Copy the records below exactly, starting at the line that contains "Skoda Octavia Mk2" and ending at the line that contains "Light Luxury Copper"; leave out any pictures.

*Exercise inputs*
————————

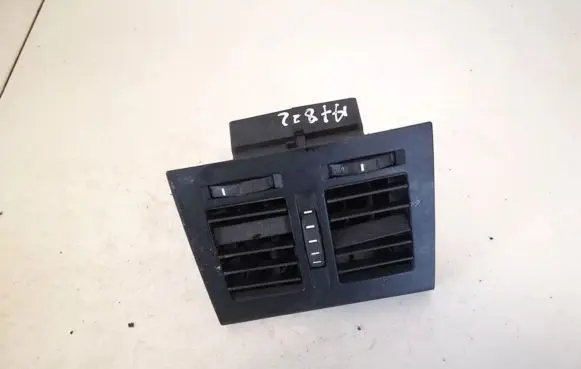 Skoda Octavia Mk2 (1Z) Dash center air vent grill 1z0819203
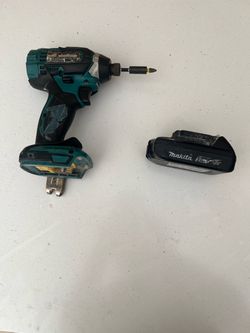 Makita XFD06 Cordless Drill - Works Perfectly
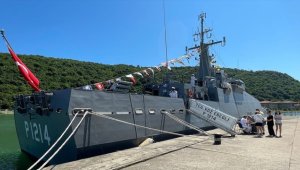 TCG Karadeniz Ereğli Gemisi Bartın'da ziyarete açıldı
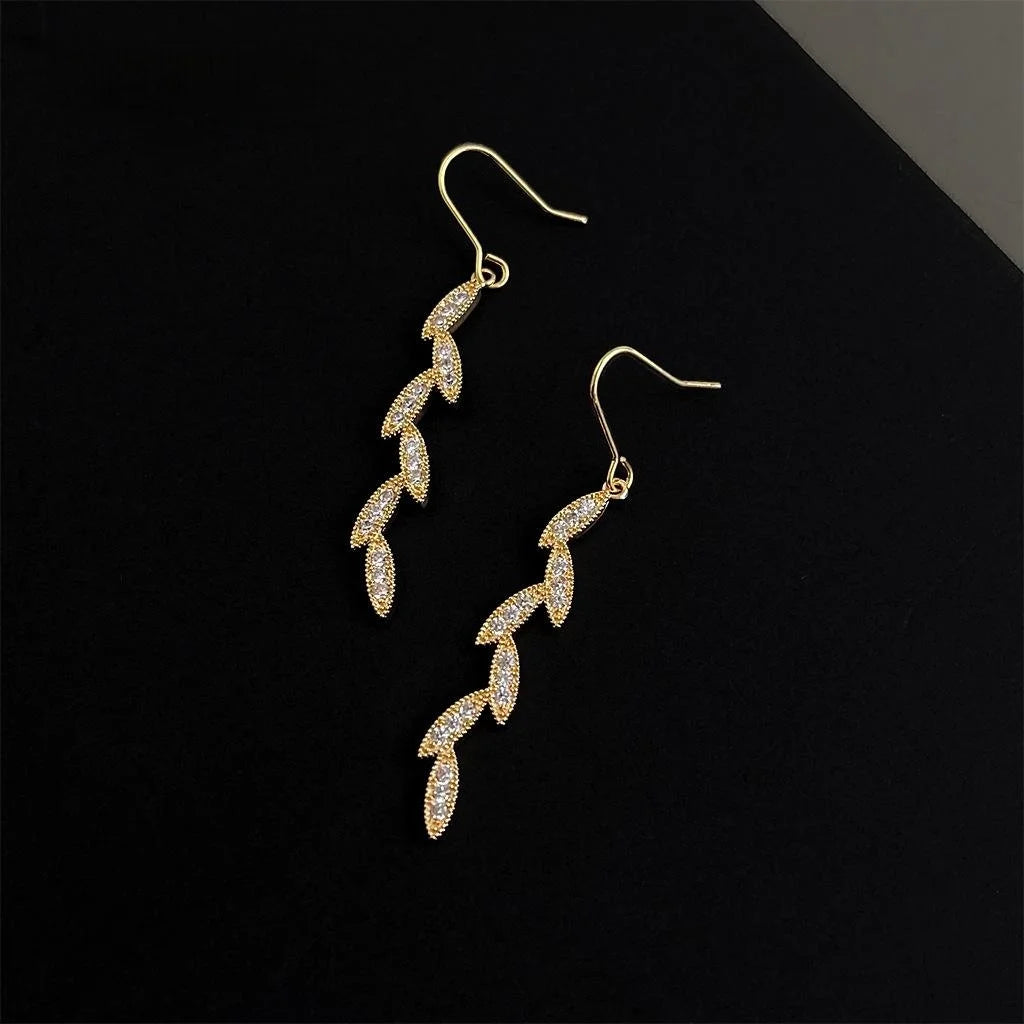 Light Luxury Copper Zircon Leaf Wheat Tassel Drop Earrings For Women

————————

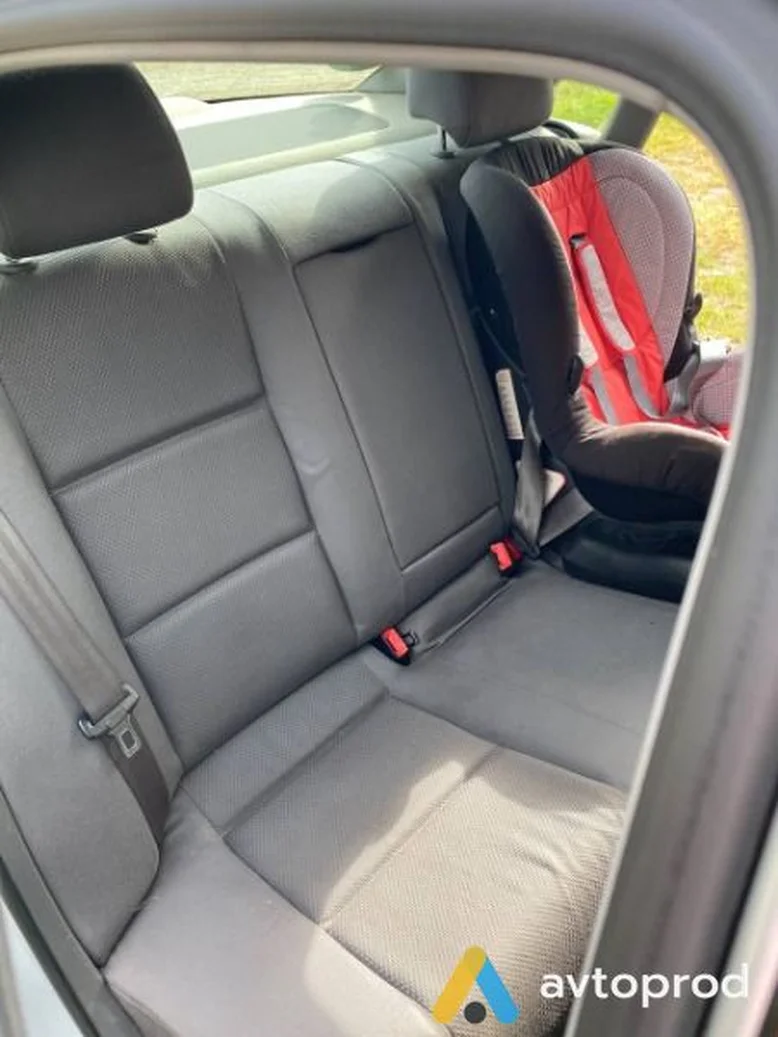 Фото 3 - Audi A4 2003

————————

*Exercise output*
 Skoda Octavia Mk2 (1Z) Dash center air vent grill 1z0819203
 Makita XFD06 Cordless Drill - Works Perfectly
 TCG Karadeniz Ereğli Gemisi Bartın'da ziyarete açıldı
 Light Luxury Copper Zircon Leaf Wheat Tassel Drop Earrings For Women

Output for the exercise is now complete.